Les athées aiment dire aux croyants : « Nous sommes obli­gés de consta­ter qu’il y a sur la terre une somme inouïe de misères, de mala­dies, d’injustices, de crimes, de souf­frances phy­siques et morales. Si Dieu existe et s’il est tout-puissant, omni­scient et omni­pré­sent, pour­quoi a-t-il laissé faire ? Pour­quoi n’intervient-il pas pour réta­blir l’ordre et le bon­heur de tous ? »

Le croyant fait obser­ver que ce sont les êtres humains qui par leurs péchés ont pro­vo­qué toutes les misères phy­siques et morales dont ils souffrent et se plaignent, et d’autres ne man­que­ront pas de rétor­quer : « Si votre Dieu est tout-puissant, pour­quoi n’a-t-il pas créé des humains par­faits, qui ne peuvent pas com­mettre des péchés ? »

Comme aucun des deux par­tis ne dis­pose de connais­sances pré­cises et com­plètes au sujet de notre ori­gine et de la néces­sité de notre évo­lu­tion, il ne pourra convaincre l’autre et res­tera sur sa position.

Dans ces condi­tions il n’est pas éton­nant que les réponses à la ques­tion prio­ri­taire de « Dieu ou pas Dieu ? » aient pris des formes allant d’un non caté­go­rique à un oui tout aussi déter­miné. Cette situa­tion ambi­guë dure déjà depuis fort longtemps.

En sera-t-il cepen­dant tou­jours ainsi ?

D’où venons-nous ?

Il est inté­res­sant de consta­ter que l’histoire biblique de la Créa­tion, la Genèse, men­tionne déjà que « l’Esprit de Dieu pla­nait au-dessus des eaux ». (Genèse 1,2) « Les eaux » dési­gnaient évi­dem­ment l’impétueux cou­rant créa­teur de l’Irradiation divine.

Ainsi, c’est donc le « Saint-Esprit », appelé par­fois aussi « Ima­nuel », qui dès l’origine a été chargé de la mise en place et de la mise en route de la créa­tion à laquelle nous devons d’exister.

Le Saint-Esprit est donc une entité très impor­tante pour nous. Sous sa direc­tion, l’Irradiation divine des­ti­née à la Créa­tion avait pu aller au-delà de la sphère divine et s’établir en des­sous d’elle.

La dimi­nu­tion de la pres­sion ini­tiale ainsi obte­nue per­met­tait une gra­da­tion pro­gres­sive qui forma une par­tie spi­ri­tuelle pri­mor­diale, une par­tie spi­ri­tuelle et une par­tie matérielle.

Nous sommes certes ori­gi­naires de la sphère spi­ri­tuelle, mais seule­ment du der­nier niveau de gradation.
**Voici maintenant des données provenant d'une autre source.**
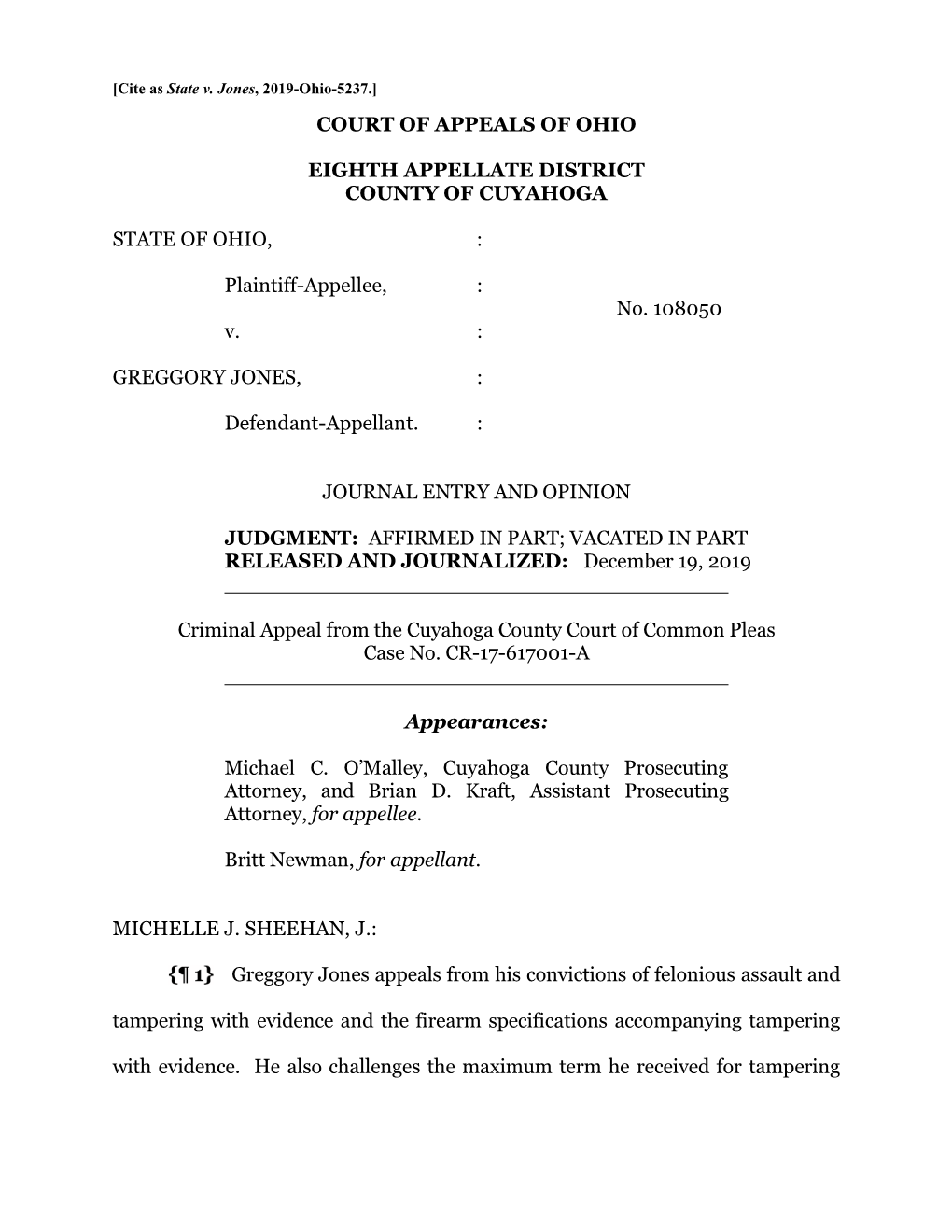 State V. Jones, 2019-Ohio-5237.] COURT of APPEALS of OHIO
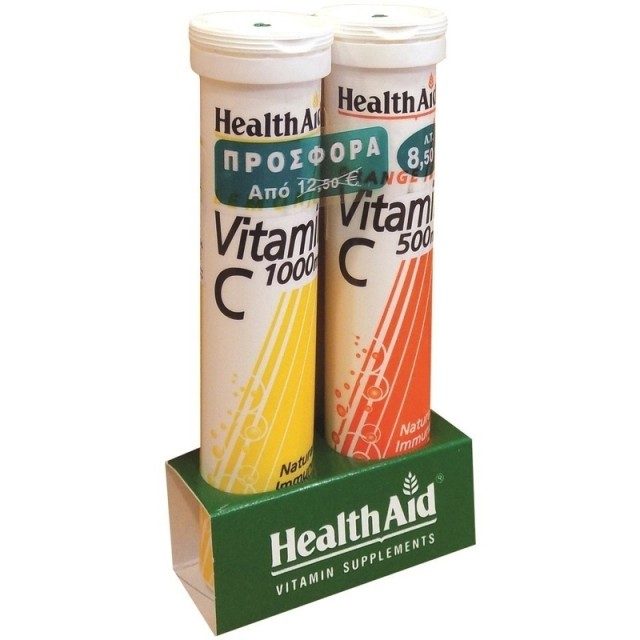 HEALTH AID Vitamin C 1000mg Λεμόνι & 500mg Πορτοκάλι - 20 + 20 Tabs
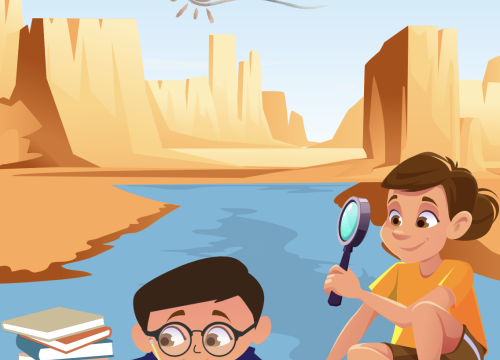 Cartoon graphic of a young girl and boy with a magnifying glass and books and the text "Sé un/a Historiador/a del Agua Creado para niños y adolescentes de 13 años en adelante"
De ce fait, nous exis­tons au départ en tant que germe spi­ri­tuel incons­cient ayant la pos­si­bi­lité de faire pro­gres­ser les riches facul­tés qui sont les nôtres, à condi­tion de les déve­lop­per cha­cun pour soi et par ses propres efforts. Nous déte­nons éga­le­ment la faculté de choi­sir, c’est le libre arbitre.
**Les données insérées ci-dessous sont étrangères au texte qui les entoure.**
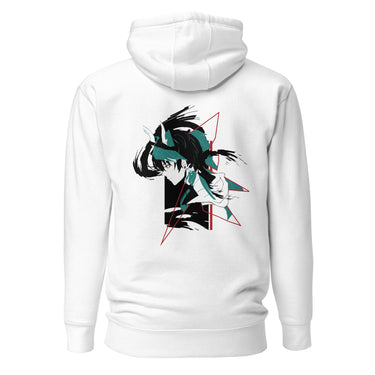 Back view of a solid-colored hoodie. A large, high-contrast graphic on the upper back features a stylized illustration of the character Dan Heng from Honkai: Star Rail, framed by abstract angular lines.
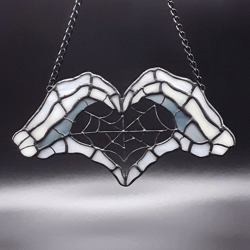 Gothic Stained Glass Spider Web Suncatcher, Gothic Decor Heart Shaped Skeleton Hands Stained Glass, Gothic Home Decor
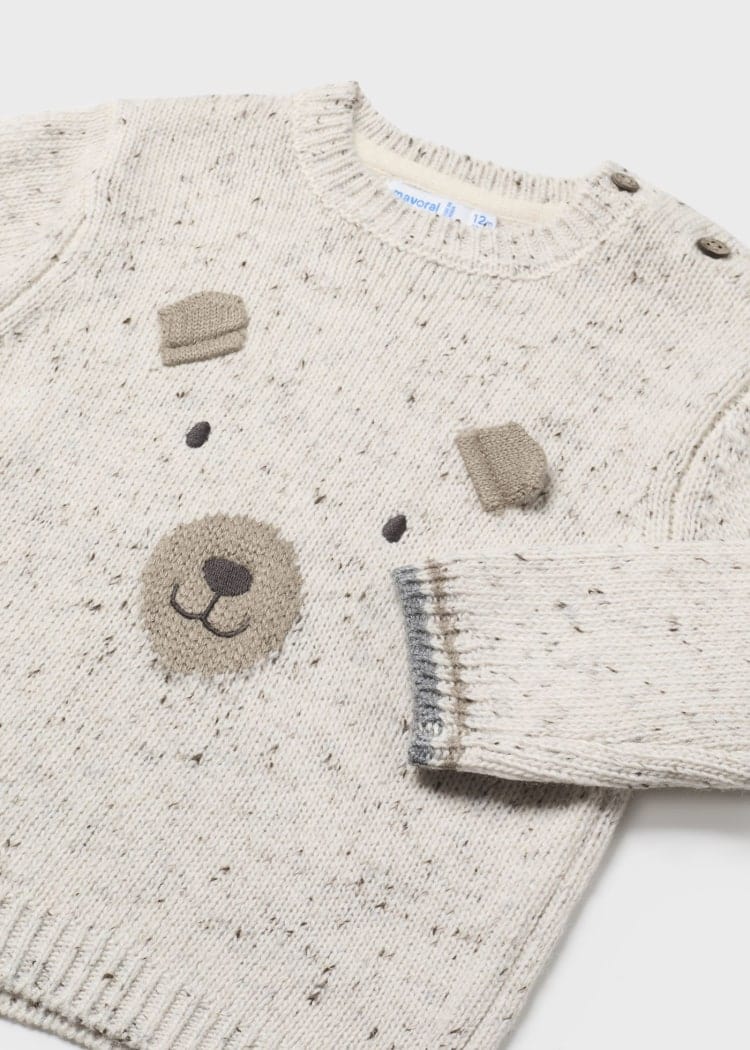 Mayoral Usa Inc Mayoral Teddy Bear Sweater in Cream - Little Miss Muffin Children & Home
Sur le plan spi­ri­tuel, pour être admis dans le cir­cuit d’évolution, il faut qu’un germe d’esprit désire sor­tir de l’inconscience. Tout germe spi­ri­tuel ayant réussi par ses propres efforts sa trans­for­ma­tion en une per­son­na­lité accom­plie et mûre pourra reve­nir sur son plan d’origine et y vivre heu­reux au ser­vice de la Volonté de Dieu.